II
El curso de esta narración que avanza irrefrenable, me separa de los días primeros de nuestro matrimonio y me lleva adelante, hacia el fin.
Quince días después estábamos los tres de vuelta en Londres y sobre nosotros se cernía la sombra de la próxima batalla.
Marian y yo estuvimos atentos a mantener a Laura en ignorancia de la causa que había precipitado nuestro regreso, la necesidad de no perder al conde. Estábamos a comienzos de mayo y el plazo de su alquiler de la casa en Forest Road expiraba en junio. Si lo renovaba (y yo tenía motivos que no tardaré en explicar, para creer que así lo haría), podía estar seguro de que no se escaparía. Pero, si por algún motivo, el conde defraudase mis expectativas y abandonase el país entonces yo no tendría tiempo que perder para prepararme al enfrentamiento lo mejor posible.

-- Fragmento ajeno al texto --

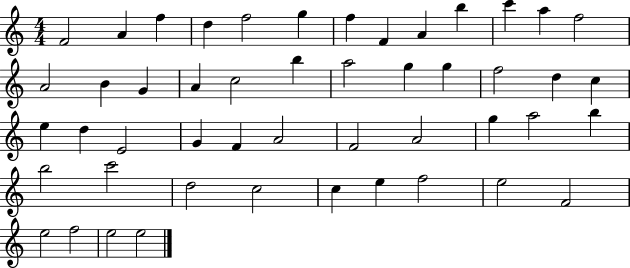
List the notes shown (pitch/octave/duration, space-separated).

F4/h A4/q F5/q D5/q F5/h G5/q F5/q F4/q A4/q B5/q C6/q A5/q F5/h A4/h B4/q G4/q A4/q C5/h B5/q A5/h G5/q G5/q F5/h D5/q C5/q E5/q D5/q E4/h G4/q F4/q A4/h F4/h A4/h G5/q A5/h B5/q B5/h C6/h D5/h C5/h C5/q E5/q F5/h E5/h F4/h E5/h F5/h E5/h E5/h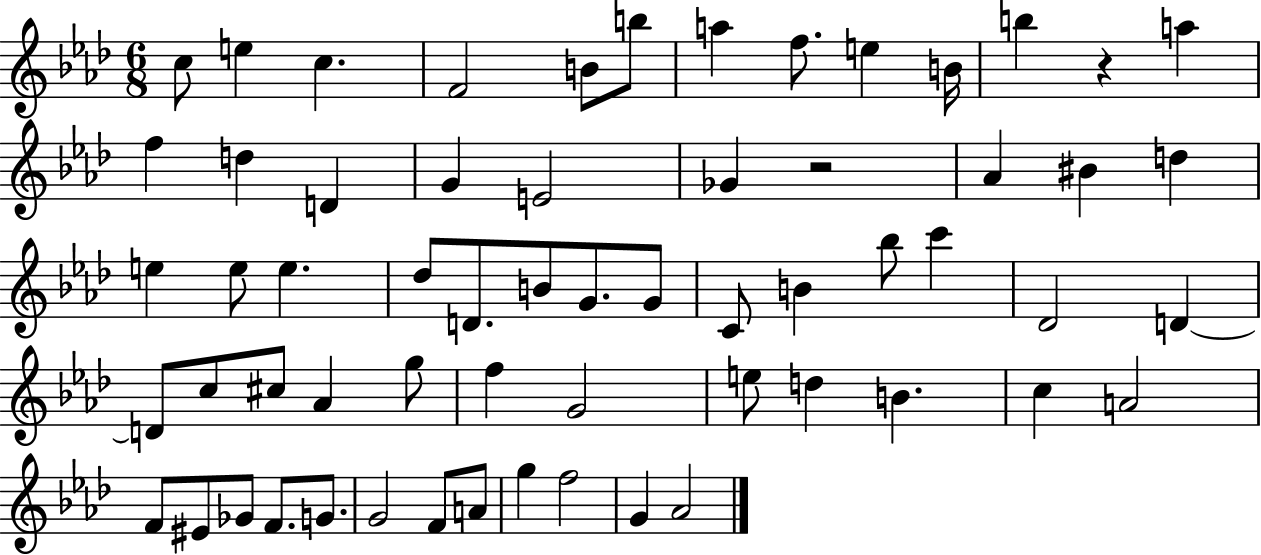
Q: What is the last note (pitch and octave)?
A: Ab4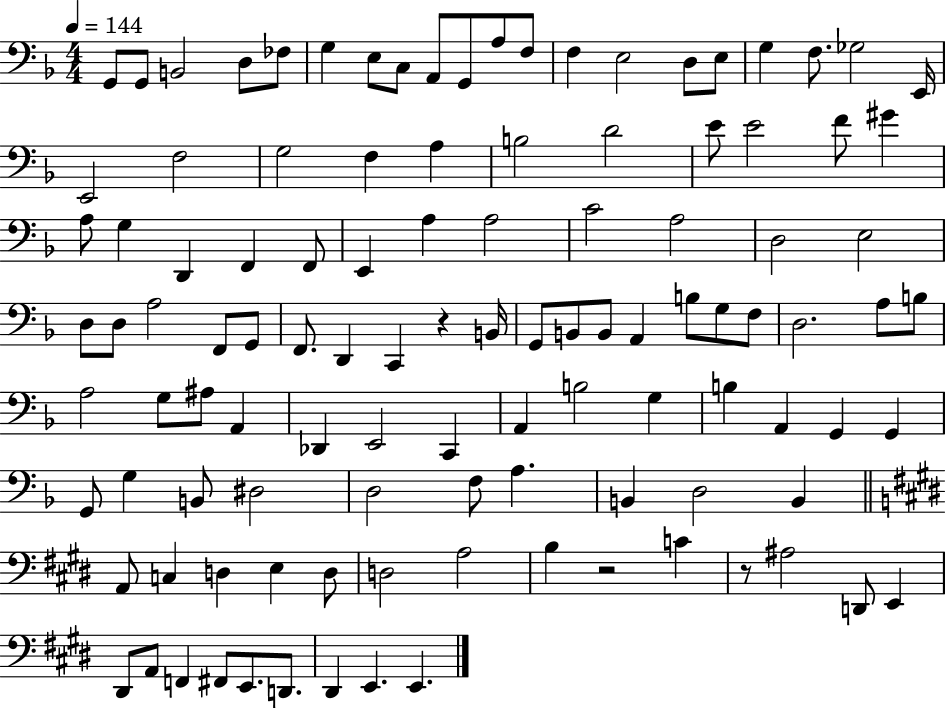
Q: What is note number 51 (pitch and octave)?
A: C2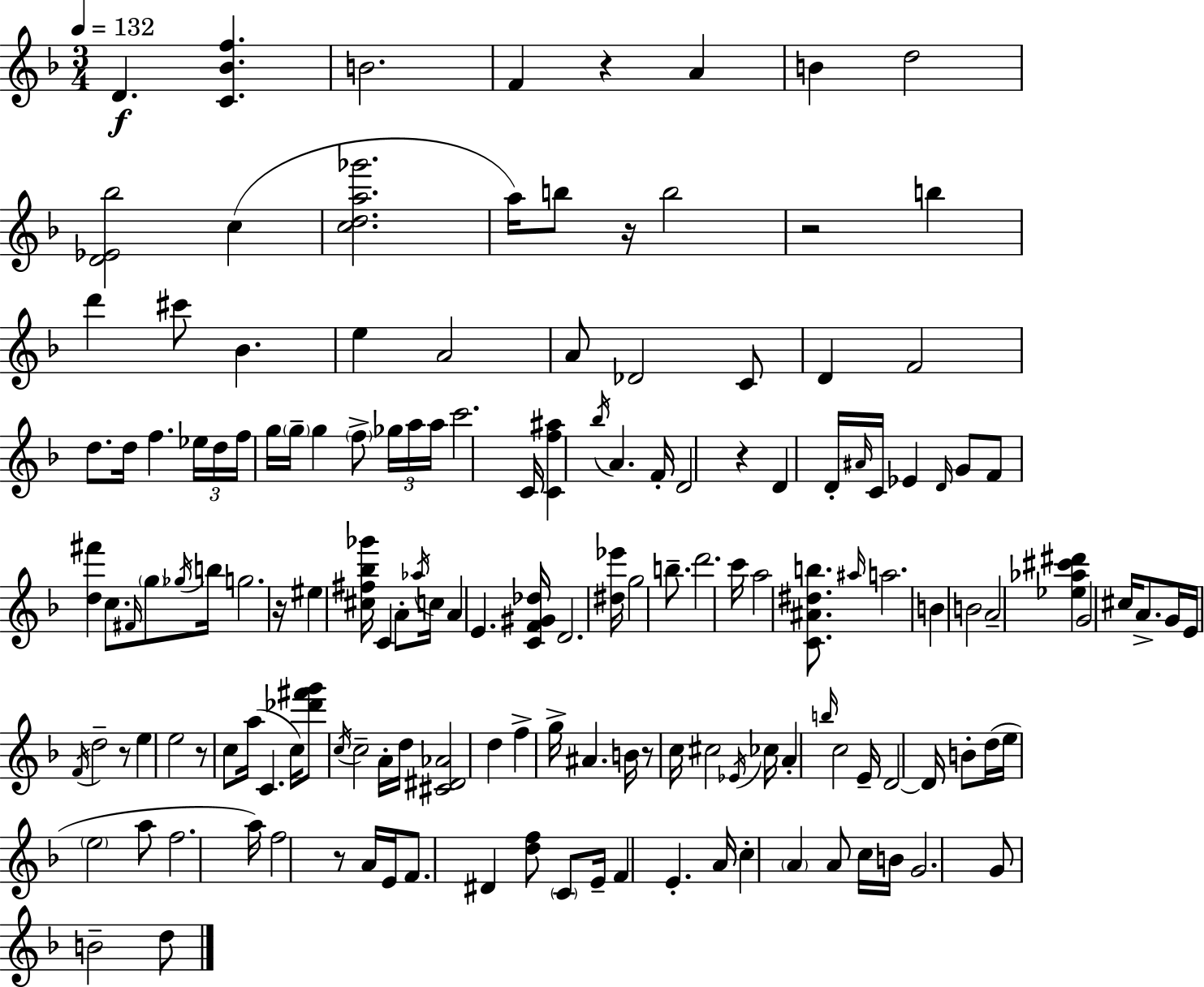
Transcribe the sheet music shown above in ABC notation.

X:1
T:Untitled
M:3/4
L:1/4
K:Dm
D [C_Bf] B2 F z A B d2 [D_E_b]2 c [cda_g']2 a/4 b/2 z/4 b2 z2 b d' ^c'/2 _B e A2 A/2 _D2 C/2 D F2 d/2 d/4 f _e/4 d/4 f/4 g/4 g/4 g f/2 _g/4 a/4 a/4 c'2 C/4 [Cf^a] _b/4 A F/4 D2 z D D/4 ^A/4 C/4 _E D/4 G/2 F/2 [d^f'] c/2 ^F/4 g/2 _g/4 b/4 g2 z/4 ^e [^c^f_b_g']/4 C A/2 _a/4 c/4 A E [CF^G_d]/4 D2 [^d_e']/4 g2 b/2 d'2 c'/4 a2 [C^A^db]/2 ^a/4 a2 B B2 A2 [_e_a^c'^d'] G2 ^c/4 A/2 G/4 E/4 F/4 d2 z/2 e e2 z/2 c/2 a/4 C c/4 [_d'^f'g']/2 c/4 c2 A/4 d/4 [^C^D_A]2 d f g/4 ^A B/4 z/2 c/4 ^c2 _E/4 _c/4 A b/4 c2 E/4 D2 D/4 B/2 d/4 e/4 e2 a/2 f2 a/4 f2 z/2 A/4 E/4 F/2 ^D [df]/2 C/2 E/4 F E A/4 c A A/2 c/4 B/4 G2 G/2 B2 d/2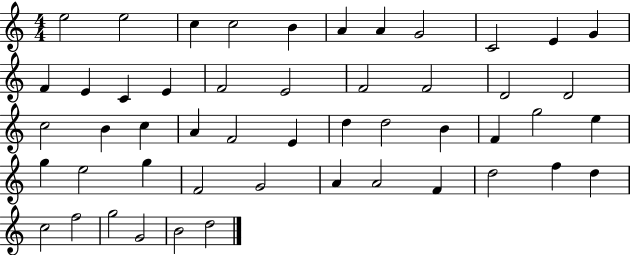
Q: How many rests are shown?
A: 0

En la primera plenitud de mi nueva felicidad hubo momentos en que mi resolución tambaleaba, momentos, cuando me tentaba la idea de vivir seguro y contento, ahora que la aspiración más acariciada de mi vida se había consumado por fin con la posesión del amor de Laura. Por primera vez pensé, con el corazón en vilo, en que el riesgo era grande, en las adversidades que me esperaban; en la hermosa promesa de nuestra nueva vida y en el peligro en que podía poner la felicidad que nos habíamos ganado con tantas dificultades. ¡Sí! Permítanme reconocerlo honestamente. Por un tiempo erré, dulcemente guiado por el amor, lejos del propósito al que había sido fiel bajo la disciplina más rigurosa y en los días más oscuros. Con inocencia, Laura me había tentado de apartarme del camino arduo; con inocencia, le estaba destinado llevarme hacia él de nuevo.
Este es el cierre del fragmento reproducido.